┏━━
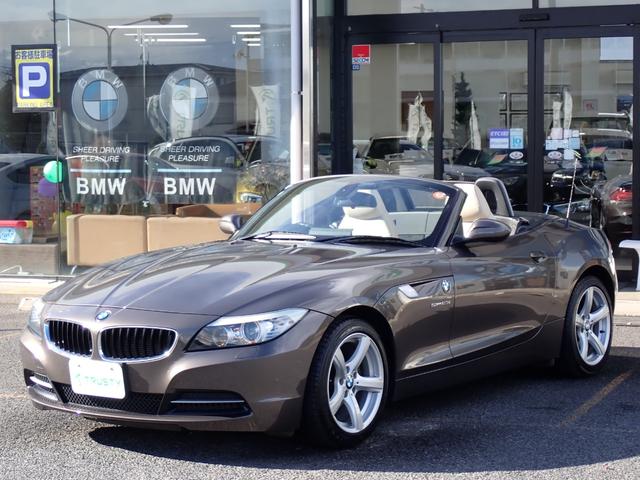 Ｚ４ ｓＤｒｉｖｅ２３ｉ　デザインピュアホワイト　ディーラー記録簿１４枚有　電動オープン　ホワイトレザー　シートヒーター　ウインドウリフレクター　ＨＤＤナビ　ＤＶＤ再生　ＥＴＣ　キセノンヘッドライト　純正１７インチＡＷ（21枚目）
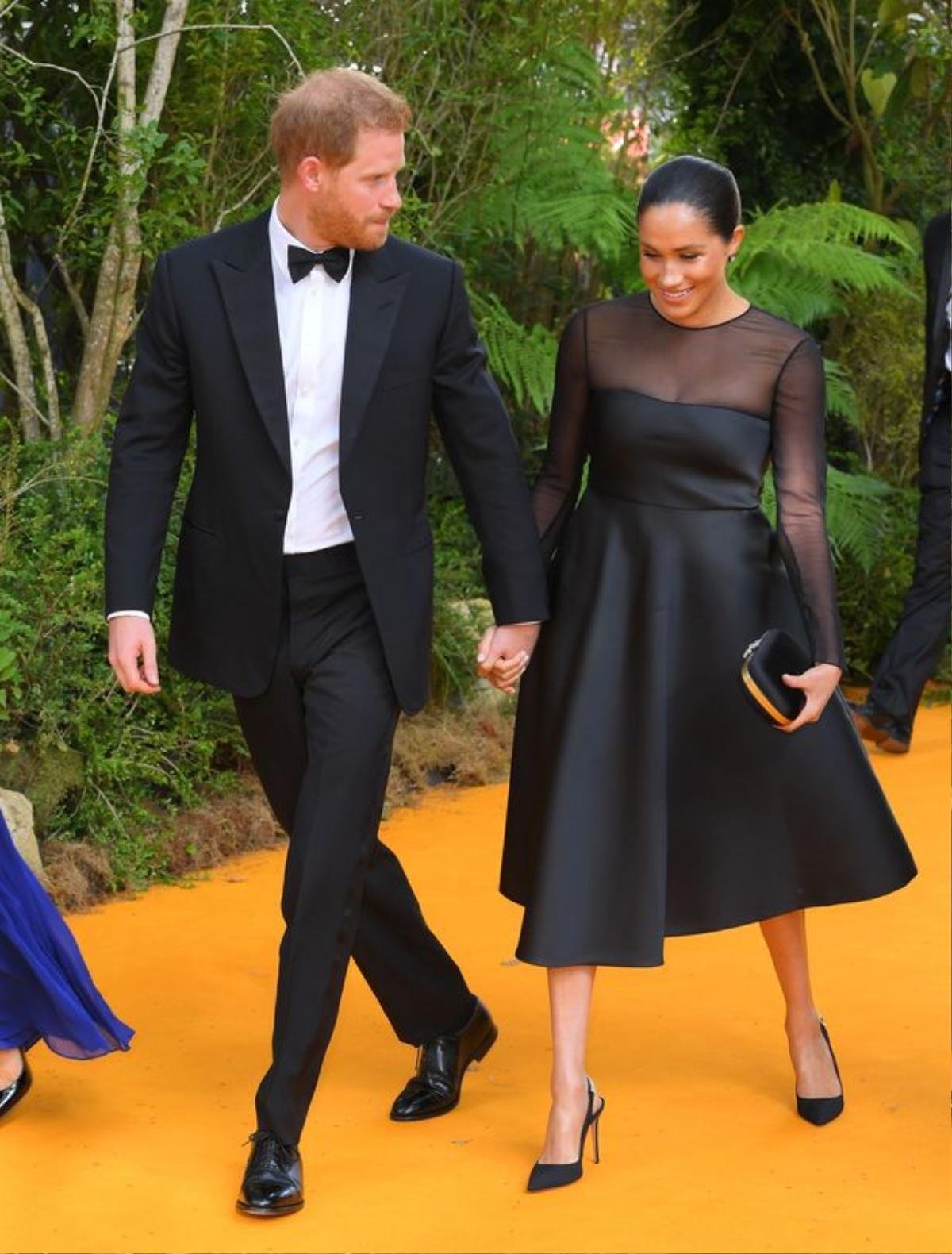 Lý do bạn bè Meghan và Harry không muốn mời cặp đôi đến nhà chơi Ảnh 6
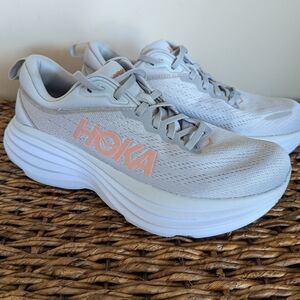 Hoka Bondi 8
┗━━
Having located the line with "Lý do bạn bè", transcribe exactly and only the lines from it to the final line of the material, skipping the pictures.

 Lý do bạn bè Meghan và Harry không muốn mời cặp đôi đến nhà chơi Ảnh 6
 Hoka Bondi 8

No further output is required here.